Peggy, a longtime community member shares her family's history of involvement and advocacy. To learn more about Peggy's involvement in the bleeding disorders community watch the full interview or read the transcript below.
Can you share about your family's history with hemophilia?
My, older sister had a lot of trouble, with bleeding and with, her joints, her ankles, worked on and stuff. She had a real problem.
When did you find out that hemophilia was in your family?
My family didn't even know it was hemophilia. And until 1938 when my brother was born, my mother was seeing the same problems her older brother had. And then a friend of the family wrote to Doctor Cutter, and he told them that it was hemophilia, so that that's when they knew it was hemophilia.
And then, my brother would get whole blood. My father would donate. And sometimes just lay across the table from each other and, give one blood to the other.
How long have you and your family been involved with NHF?
Since 1951, as a little girl I'd go door to door with mom saying that there was a blood drive and I got to hand out the little piece of paper and times and everything. And then, when I moved to California, that's what started with Northern California and it was 24 7 because I worked the foundation as an executive director in 84, I think it was.
They have gone and done amazing things over the years, and I've done, several of the things with them.
Why has it been important for your family's legacy to be involved with NHF?

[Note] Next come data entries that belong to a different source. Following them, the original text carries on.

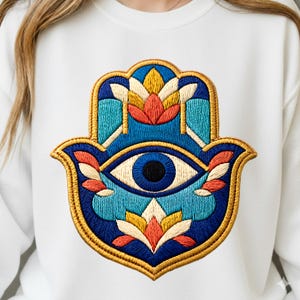 Puede incluir: Sudadera blanca con un diseño bordado de la mano de Fátima. La mano de Fátima es en tonos azules, amarillos, naranjas y blancos, con un motivo de ojo central. El diseño está delineado con hilo dorado.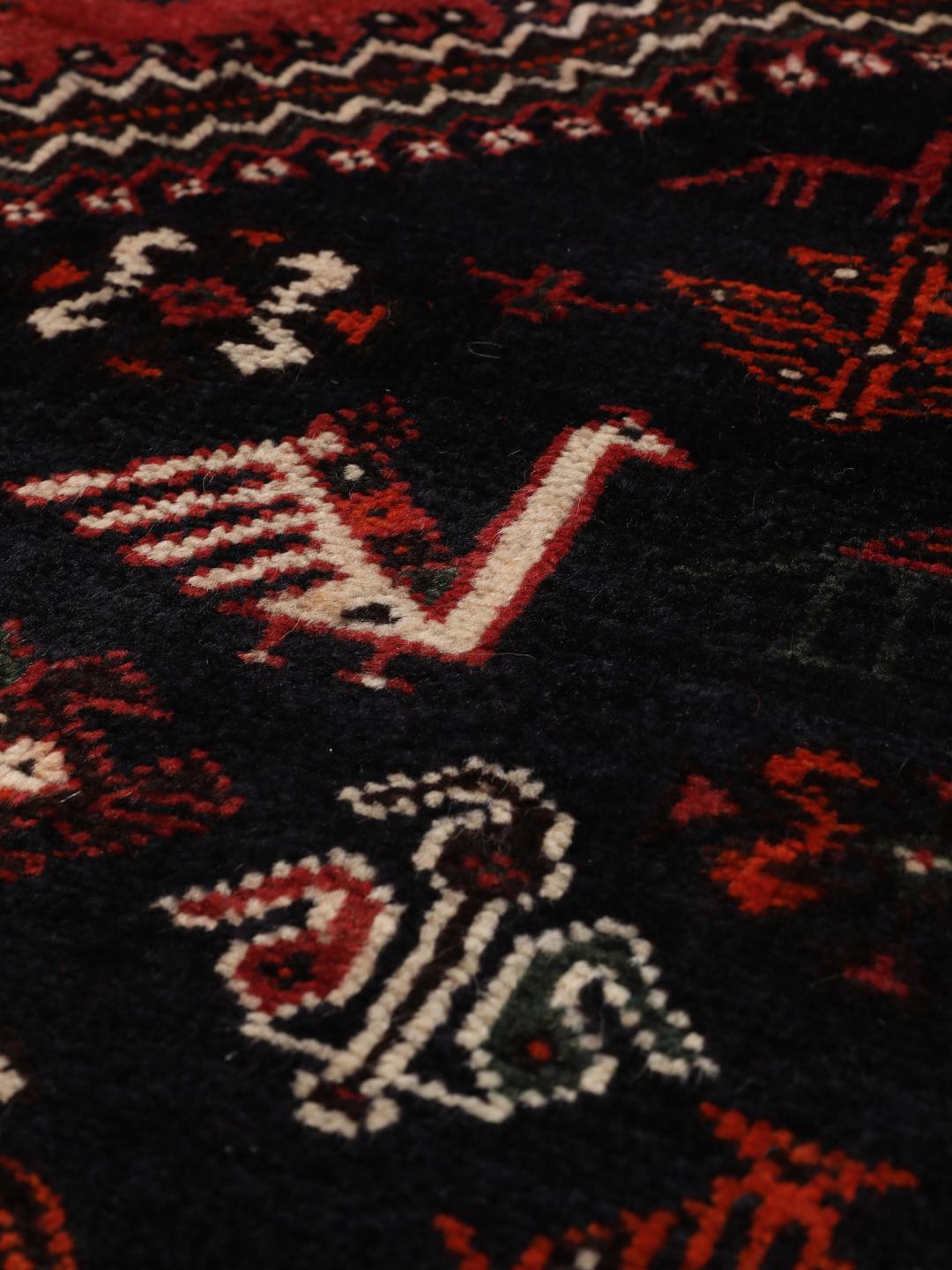 Hand-knotted Middle Eastern rug in red and black wool
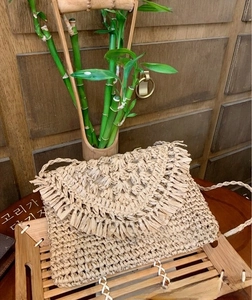 Close-up of bohemian beige paper rope woven shoulder bag featuring thick fringe trim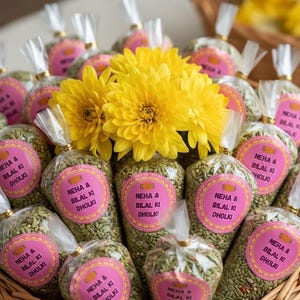 May include: A woven basket filled with cone-shaped packages of seeds, each sealed with a clear wrapper and tied with a ribbon. The packages have pink labels with text. Bright yellow flowers are nestled among the packages.
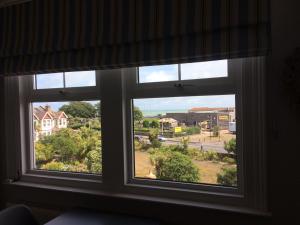 a window with a view of a city at Number Ninety One in Eastbourne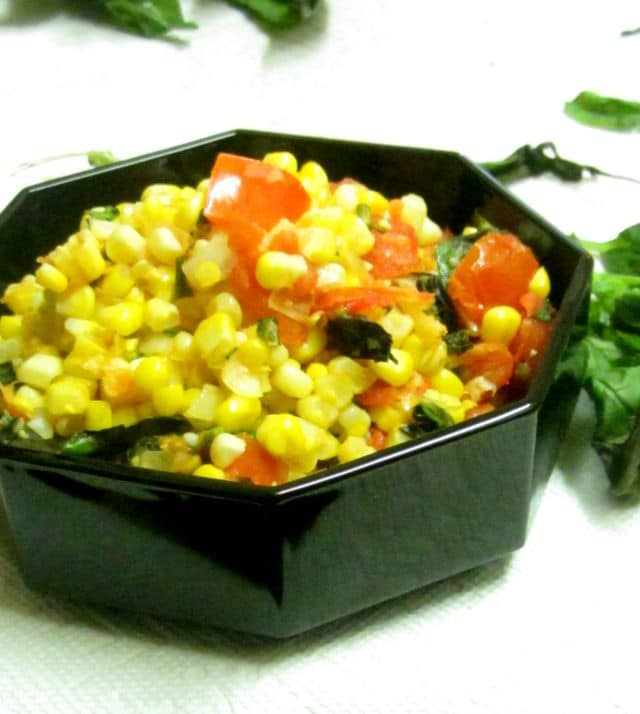 Very lightly saute fresh corn and tomatoes for a delicious and easy vegetable recipe that tastes like summer. www.inhabitedkitchen.com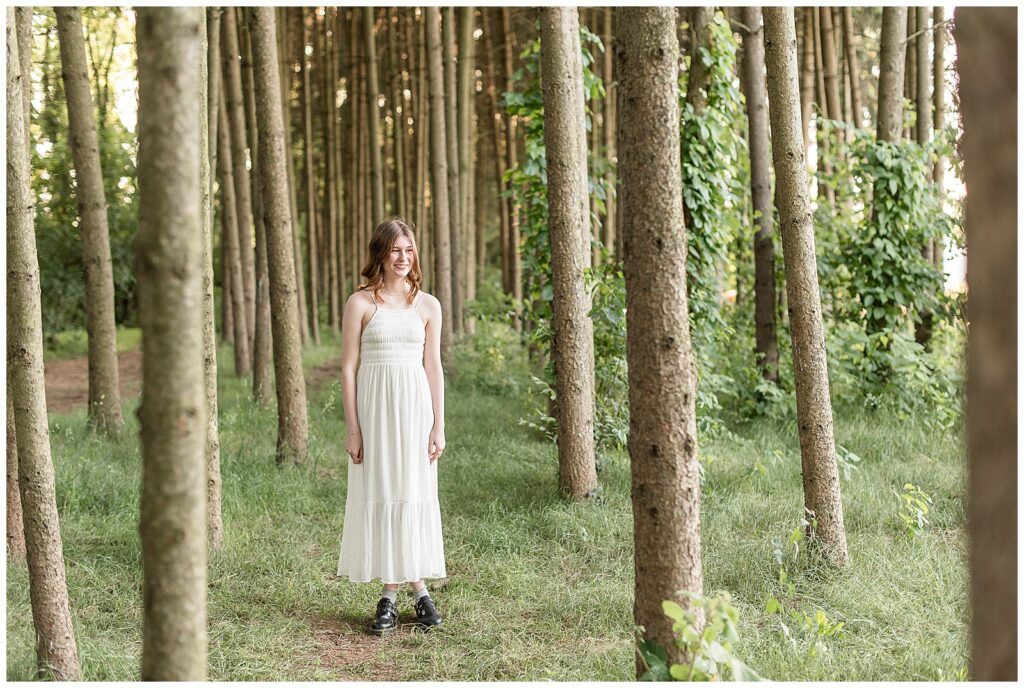 senior girl standing among evergreen trees at overlook park in lancaster pennsylvania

It was a community of friends that my mother and father started in the fifties. And you know, we knew, all the, hemophiliacs on Long Island and since they had to ask for blood on a regular basis, my mother would send out 250, Christmas cards every year. And everybody that ever-donated blood to my, brothers for years, my mother would send them cards.
Which would remind them to come back and donate again.

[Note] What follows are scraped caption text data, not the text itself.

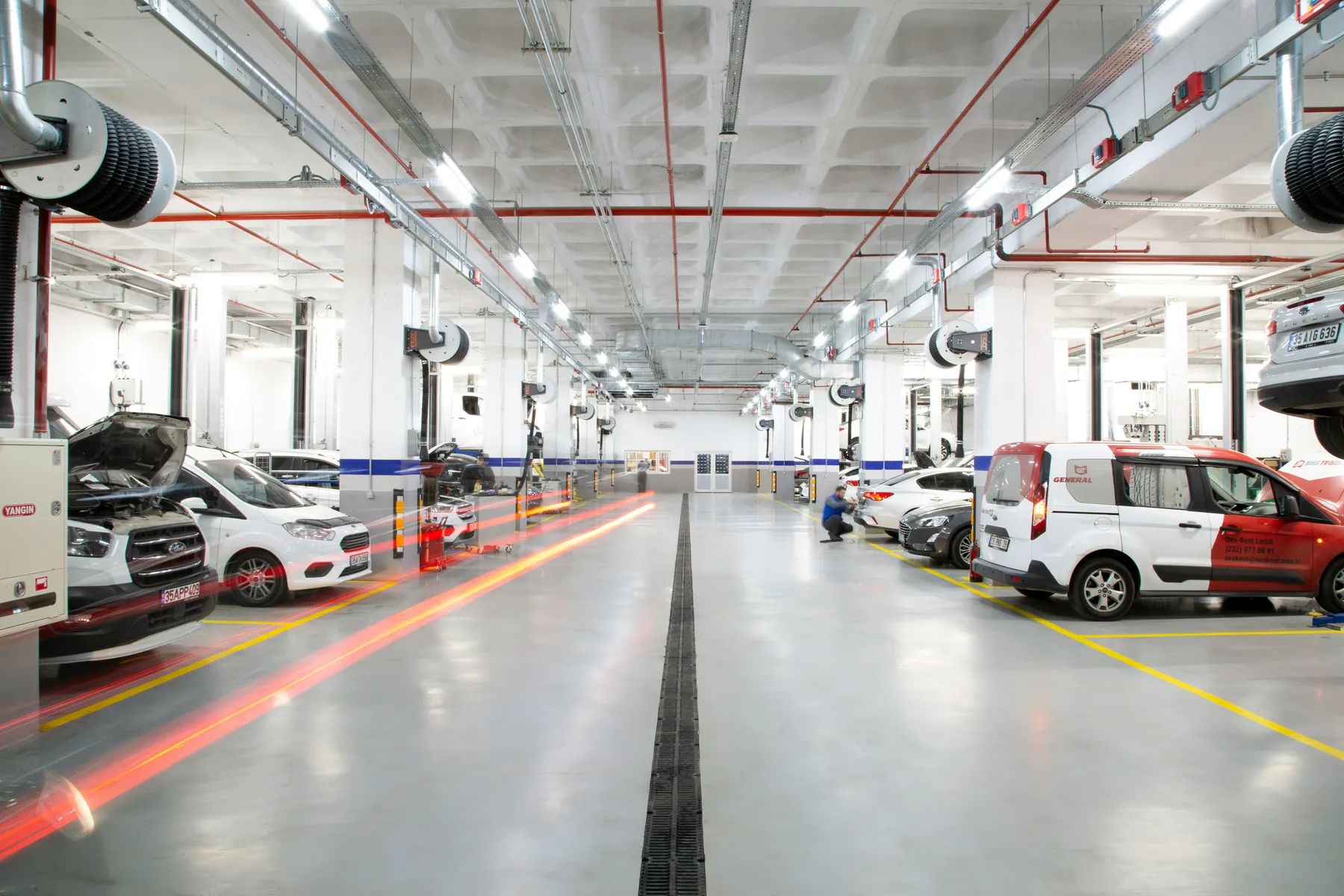 Professional vehicle inspection workshop with multiple service bays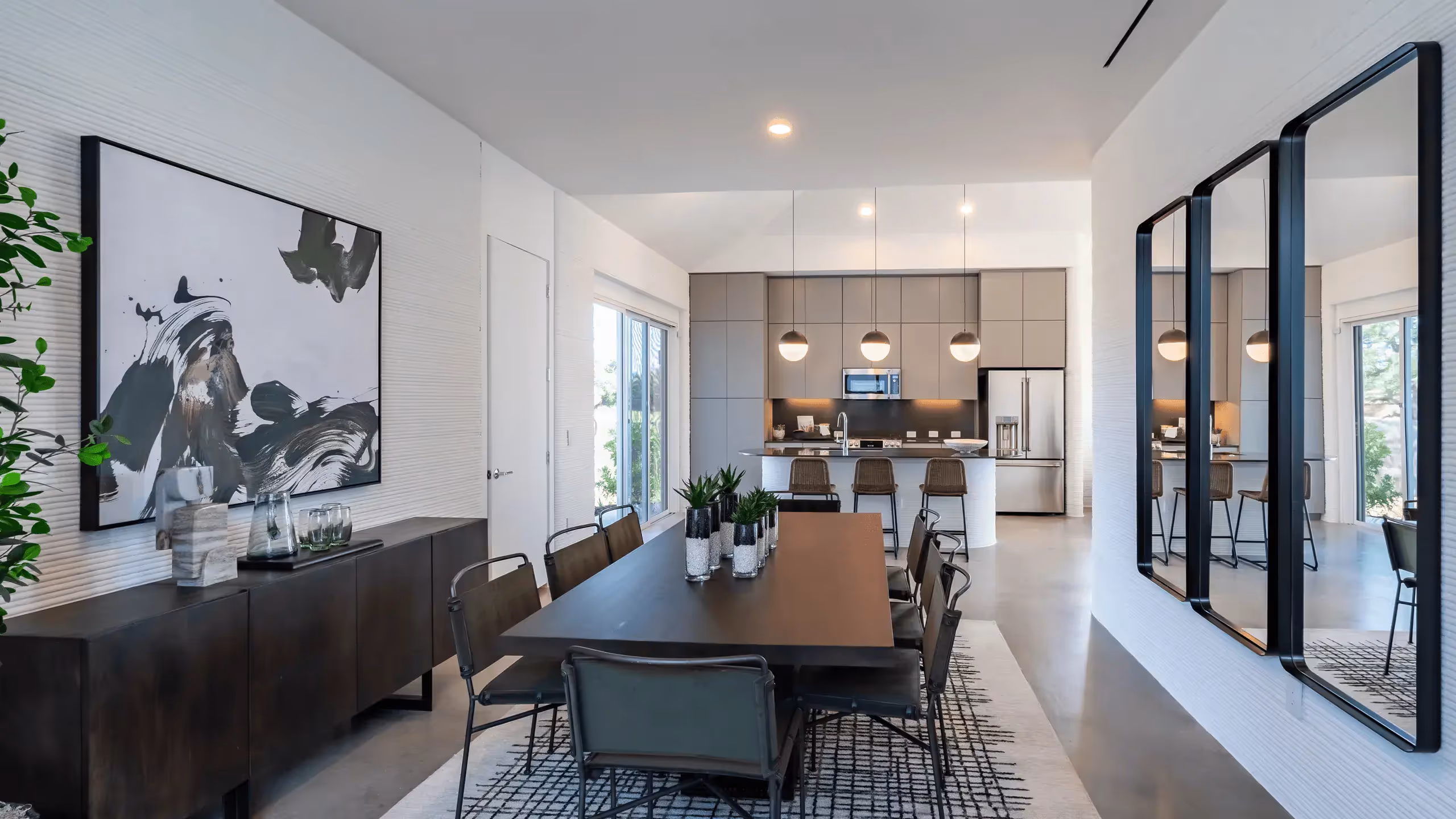 Modern dining room and open kitchen with island, pendant lights, and wall mirrors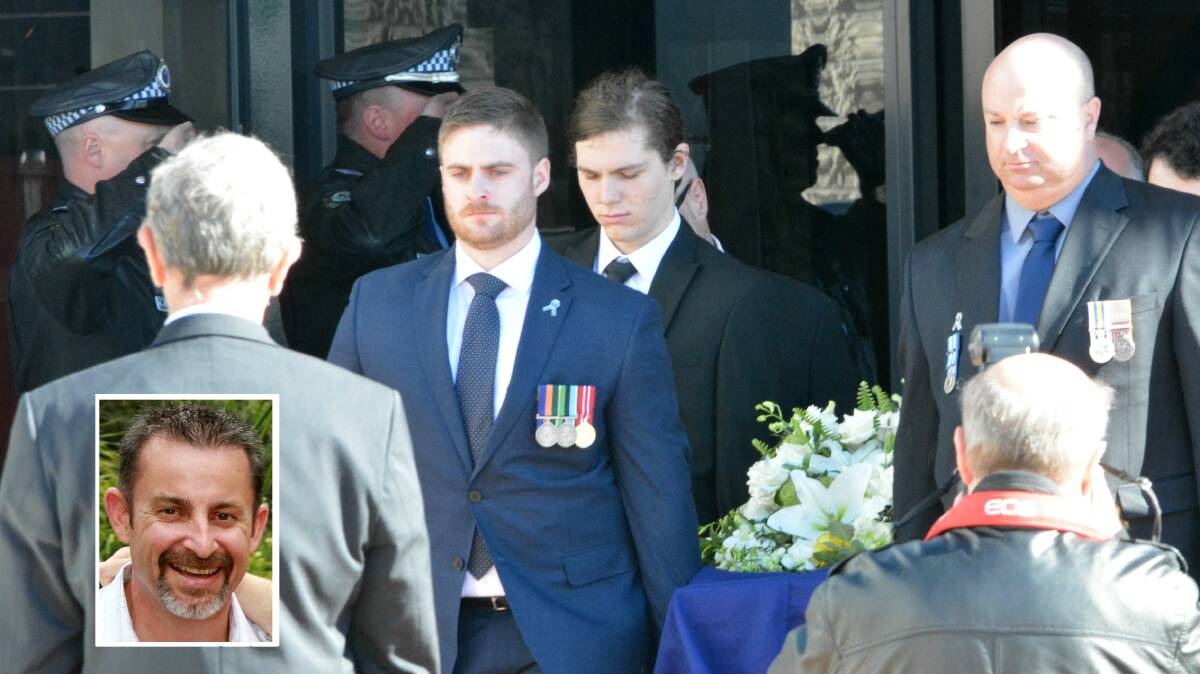 Michael Horne's son Tom and close friend Phil Hoy lead the pallbearers at the public memorial for the killed former police officer (inset).
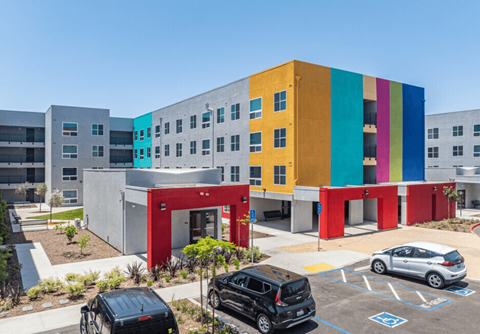 A colorful building with a parking lot in front.
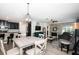 Open-concept living space with a dining area, bar seating, modern lighting, and stylish decor at 5316 Stoic Vale Dr, Wimauma, FL 33598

What volunteer work with the organization/your local chapter are you most proud of?
I used to do all the national awards for the annual meetings because I also did an engraving business at home. I did all the awards for the foundation and then, they were presenting award and you know, mentioned Northern California. And, I'm thinking, I didn't do anything for anybody in Northern California and it was my award for leadership that I got.